= Christopher de Haro =

Castilian-Portuguese merchant known for backing Magellan and Elcano's voyages

Cristóbal de Haro was a Castilian financier and merchant from Burgos, famous for having provided funding for the Magellan-Elcano expedition.

Born in Burgos, Haro was based in Lisbon starting in 1505. After 1513, he became upset with the Portuguese crown and returned to Castile, plotting with Portuguese exiles Ferdinand Magellan and Ruy Faleiro and with the Spanish minister Juan Rodríguez de Fonseca an expedition to the Spice Islands sailing westward.

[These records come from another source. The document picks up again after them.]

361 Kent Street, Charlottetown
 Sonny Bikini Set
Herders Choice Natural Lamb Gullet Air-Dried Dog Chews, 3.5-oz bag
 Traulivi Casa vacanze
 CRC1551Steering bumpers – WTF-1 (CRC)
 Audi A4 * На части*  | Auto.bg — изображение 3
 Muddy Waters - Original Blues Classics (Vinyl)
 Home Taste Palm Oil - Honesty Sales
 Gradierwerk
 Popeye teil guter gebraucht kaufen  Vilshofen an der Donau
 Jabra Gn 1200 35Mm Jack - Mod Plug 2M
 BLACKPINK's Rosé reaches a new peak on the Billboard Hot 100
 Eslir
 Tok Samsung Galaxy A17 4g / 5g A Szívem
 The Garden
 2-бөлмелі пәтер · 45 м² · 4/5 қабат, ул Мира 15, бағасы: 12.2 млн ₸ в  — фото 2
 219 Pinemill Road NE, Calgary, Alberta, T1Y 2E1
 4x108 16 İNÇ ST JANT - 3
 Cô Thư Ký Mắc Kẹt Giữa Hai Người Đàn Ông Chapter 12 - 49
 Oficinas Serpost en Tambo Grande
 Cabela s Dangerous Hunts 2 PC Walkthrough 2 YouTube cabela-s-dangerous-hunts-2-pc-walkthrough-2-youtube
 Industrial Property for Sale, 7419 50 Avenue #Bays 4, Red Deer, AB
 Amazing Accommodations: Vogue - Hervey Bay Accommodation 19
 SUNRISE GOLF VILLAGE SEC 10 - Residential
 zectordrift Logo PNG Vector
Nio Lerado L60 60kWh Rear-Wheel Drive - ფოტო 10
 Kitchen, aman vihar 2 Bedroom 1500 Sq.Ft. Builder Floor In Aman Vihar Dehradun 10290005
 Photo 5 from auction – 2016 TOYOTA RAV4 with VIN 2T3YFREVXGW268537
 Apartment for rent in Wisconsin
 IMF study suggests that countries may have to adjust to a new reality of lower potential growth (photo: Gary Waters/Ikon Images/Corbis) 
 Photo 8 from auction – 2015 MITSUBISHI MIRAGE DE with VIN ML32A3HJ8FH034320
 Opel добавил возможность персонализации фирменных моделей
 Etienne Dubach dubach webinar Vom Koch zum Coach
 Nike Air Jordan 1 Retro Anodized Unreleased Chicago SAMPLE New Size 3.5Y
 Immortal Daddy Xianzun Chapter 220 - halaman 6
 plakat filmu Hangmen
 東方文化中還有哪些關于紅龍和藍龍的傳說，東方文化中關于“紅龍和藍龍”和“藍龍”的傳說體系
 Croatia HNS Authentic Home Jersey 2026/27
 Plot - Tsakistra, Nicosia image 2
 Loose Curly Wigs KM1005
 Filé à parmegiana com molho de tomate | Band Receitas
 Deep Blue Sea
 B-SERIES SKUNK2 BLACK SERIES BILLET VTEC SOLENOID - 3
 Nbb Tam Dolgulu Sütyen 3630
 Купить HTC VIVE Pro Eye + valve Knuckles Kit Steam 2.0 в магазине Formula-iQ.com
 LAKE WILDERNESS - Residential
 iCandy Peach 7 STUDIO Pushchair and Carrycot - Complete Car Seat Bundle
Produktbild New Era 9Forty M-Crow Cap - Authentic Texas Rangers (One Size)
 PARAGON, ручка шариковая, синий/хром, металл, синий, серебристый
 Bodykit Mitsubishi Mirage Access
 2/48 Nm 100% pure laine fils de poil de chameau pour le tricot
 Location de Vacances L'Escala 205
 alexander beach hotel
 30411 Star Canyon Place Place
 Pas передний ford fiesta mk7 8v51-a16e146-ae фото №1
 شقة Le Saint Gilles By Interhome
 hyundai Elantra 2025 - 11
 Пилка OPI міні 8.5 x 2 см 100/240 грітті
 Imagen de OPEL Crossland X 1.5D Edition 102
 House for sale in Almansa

As a financier and representative of the Fuggers he provided a quarter of the financial backing to Magellan's 1519 voyage, which failed to conquer the Spice Islands but resulted in the first circumnavigation around the world by Juan Sebastián Elcano.

Cristóbal's brother Diego de Haro headed a commercial firm based in Antwerp. A daughter of Diego, Frances, was married to Maximilianus of Transylvania (Maximilianus Transylvanus), who wrote the first account of Magellan's voyage, published in 1523. Transylvanus pointed out that Cristóbal de Haro had assisted Magellan and Faleiro considerably in presenting their proposals before the Spanish royal counselors.
Haro also helped finance subsequent Spanish expeditions to the Spice Islands: those commanded by Estevao Gomes in 1524, by Jofre de Loaysa in 1525 and by Diego García in 1528.

He was buried in the church of San Lesmes in Burgos, next to his wife Catalina de Ayala. The tomb is decorated with the coat of arms that King Charles granted him, with Magellan's five ships, the pillars of Hercules and spices.